I woke up today with the hustle bustle downstairs, with aunty (landlady) shooting orders to everyone for cleaning up every inch of her house. This is a perennial activity which starts a week after Durga Pooja celebrations, end. The month of November marks the change in climate with the clear sky losing heat especially during evenings and mornings. People use up the afternoon heat and all the space available on balconies and rooftops to deodorise the stored blankets and sweaters. Everyone is in a tidiness frenzy, the stored tiny led lights dance on window panes and open house tops. Children are excited with the prospects of lashings of sweets, new clothes and loudest of crackers brought at home by doting parents. 

I for one, don’t feel the same this year. I have been studying things around more keenly these days. Like the road I cross everyday which was dilapidated a year ago, now its worse. I see the people living next to it, with a huge drain as their neighbour, interacting with the only source of drinking water. Everyday while I drive by to office, crossing this locality, I notice a few children on the drain defecating, women close by getting water for cooking purpose and men trying to sweep off the coal dust from near their houses (lighted last night probably to keep their plastic clad roofs warm) into the drain. Everything ends into the crumbly drain, which might just have given up yesterday from the copious waste pushed into it everyday. And did I mention, this place had a huge community dustbin, municipality people collected garbage (non segregated) from all nearby houses and discarded it here. It (community dustbin) kinda disappeared overnight, but the municipality humdrum continues the same way, each day, without change. 

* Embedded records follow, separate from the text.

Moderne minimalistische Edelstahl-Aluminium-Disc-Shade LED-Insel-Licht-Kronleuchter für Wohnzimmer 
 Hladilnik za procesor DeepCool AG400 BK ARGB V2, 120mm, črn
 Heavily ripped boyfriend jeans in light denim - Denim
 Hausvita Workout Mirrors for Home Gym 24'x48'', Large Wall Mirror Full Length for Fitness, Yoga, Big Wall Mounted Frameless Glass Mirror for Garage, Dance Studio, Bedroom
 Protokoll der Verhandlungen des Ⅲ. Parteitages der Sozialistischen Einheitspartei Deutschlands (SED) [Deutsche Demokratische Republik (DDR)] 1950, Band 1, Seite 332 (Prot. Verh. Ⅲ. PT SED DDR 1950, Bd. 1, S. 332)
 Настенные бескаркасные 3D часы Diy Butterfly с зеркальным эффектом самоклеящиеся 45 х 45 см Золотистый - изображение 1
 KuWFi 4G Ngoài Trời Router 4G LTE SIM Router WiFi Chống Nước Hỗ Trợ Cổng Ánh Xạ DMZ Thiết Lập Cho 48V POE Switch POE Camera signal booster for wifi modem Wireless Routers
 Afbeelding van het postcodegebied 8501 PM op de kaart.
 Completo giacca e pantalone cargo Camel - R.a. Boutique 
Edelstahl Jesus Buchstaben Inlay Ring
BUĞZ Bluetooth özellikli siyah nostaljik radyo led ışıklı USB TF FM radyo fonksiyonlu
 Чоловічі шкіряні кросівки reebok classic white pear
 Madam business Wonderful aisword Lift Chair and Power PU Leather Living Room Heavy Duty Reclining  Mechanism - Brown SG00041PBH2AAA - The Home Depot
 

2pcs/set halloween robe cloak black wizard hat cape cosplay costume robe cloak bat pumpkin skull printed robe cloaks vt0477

I live in Ranchi, capital city of Jharkhand and there are numerous such localities which have sprouted along side residential areas in the city. These places don’t have potable source of drinking water or closed defecation areas (toilets). Tribal legion state is one of the newest, has suffered unstable government and has humungous poverty quotient. 45% children drop out of schools before they are 14 years old. Malnutrition is at peak and women and children suffering with anaemia is highest in the country. 93% of the population defecates openly and knowledge level on hand washing is miniscule. When I witness this around, cleaning my already spotless home and wasting water on washing stairs and roof seems futile. 

Imputation and tea time gossip on the issues are done by all and everywhere, I request all to do their part this Diwali for our city. Lets make our cities healthier and brighter. Lets gift the knowledge of health & nutrition which would help changing lives instead of sweets (which might just change the blood glucose levels for a while). 


I wish to light up Diwali for those little kids this year, facilitate a cleaning exercise, mobilising the NGO volunteers to make a cleaner space available around the kids to crawl. Donation of soap boxes and some blankets. Sanitation campaign sprawled across the country needs to lift the blind eye to where its needed most, we need to open the blinds and help our government, help them in making our city cleaner this year. Nutrition smiles where hygiene is present and visa versa, let us make this Diwali count. Lets make a difference, lets alter the Diwali a healthy way.